And we drop that result into the destination slot. This is the part that actually pays off. A partial just sits there accumulating arguments, triplet after triplet, which ultimately does nothing - precisely as the curried thunks do nothing until they're saturated. Only when its argument count reaches the correct number of cycles needed does it fire: we lower the opcode body into a concrete IR expression and the slot graduates from a partial to a finished value.

This is exactly where those aforementioned megabytes of data shrink. The overwhelming majority of those triplets exist purely to thread one more argument into a partial. None of them survive on their own; they fold into the single instruction that gets emitted the moment the opcode is finally saturated.

When an opcode does fire, inlining the result everywhere would be a mistake. Instead, if it's something cheap (let's say a literal, a bare slot reference, etc), we assign it straight to the slot. Otherwise, we bind it to a fresh temporary and point the slot at that. Either way we record the slot's current definition so that any later triplet reading that slot picks up the latest expression rather than a stale one. Think of it as an SSA-flavoured value numbering over the VM's register file, that gets built up as we go.

But just walking the execution loop isn't enough. Most opcode bodies force the arguments they're supplied (calling them) - the VM passes thunks, not finished values, so the body has to call them to pull the value out. Take the opcode we showed earlier:

function(v66) {
  return function(v67) {
    return "false[object Window]"[v66()];
  };
},

See how v66 is called? That's because they don't supply a number or a character so that the VM can look that up, instead they supply a thunk with the underlying value, which is one away from being saturated. So this means we have to also track when a thunk is forced or called within an opcode body.

Sure enough, as the opening stretch fires, the synthesized-constant bodies fold down to single characters - the bootstrap really is just assembling a character lookup table.

Something else interesting to note: they use type coercion (again) by adding two opcode-18 thunks together, which results in a string for the VM to use to extract more characters.

Saturation and Convergence

The linear walk gets us a long way, but it doesn't get us all the way. Plenty of opcodes never reach their cycle count during the walk - they're handed to other opcodes as values, not called directly. The VM composes opcodes: it passes opcode B as an argument to combinator A, and only the combinator decides when (or whether) B fires. After flattening, those show up in the IR as residual partials - things that still read v3[op](x)(y) because, locally, we never saw the final forcing call. They're correct, but they're opaque.

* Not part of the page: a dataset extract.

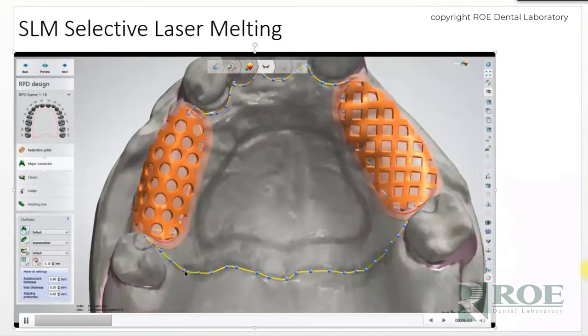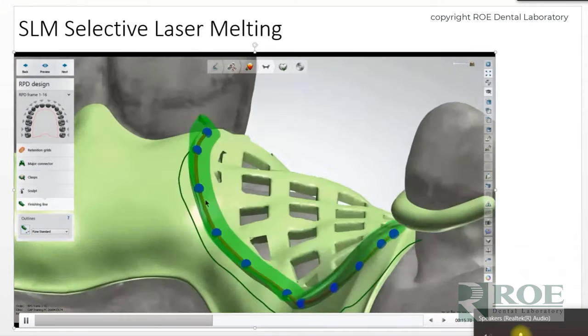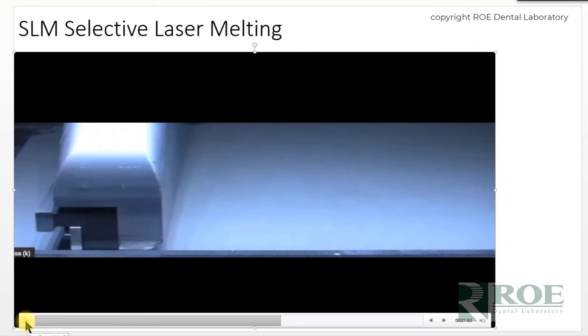We've been using digital technology for maybe 15 years, where we digitally design 100 percent of our partials. Historically, we'd design the partial digitally with software — we've been through about four different softwares — but they all do the same basic thing: they survey the model and allow you to adjust it. It's computer-aided design — you rotate the partial digitally until you idealize the path of insertion, and instead of using a traditional surveyor, you do it digitally. As you manually oscillate the model, the software tells you essentially where to stop so that the undercuts are indicated, and you can design your partial with the perfect draw and perfect path of occlusion.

So we run a second phase that does on the IR what the walk did on the triplet stream: keep firing opcodes until nothing is left to fire. Concretely it's a fixpoint loop of a few passes:

  • saturate - find any residual partial whose collected argument count has reached the opcode's cycle count, and substitute the opcode's lowered body inline, replacing each Arg(n) with the supplied argument. If an argument is used more than once in the body, we hoist it into a temporary first so we don't duplicate work or re-trigger effects.
  • fold - constant-fold and simplify the result (string-method folding, coercion collapse, the unary/const arithmetic).
  • inline - the SSA-style cleanup: a slot or temporary written once and read once (or holding something cheap) gets propagated into its single use; a definition with zero remaining reads is dropped if it's pure, or demoted to a bare effect if it isn't.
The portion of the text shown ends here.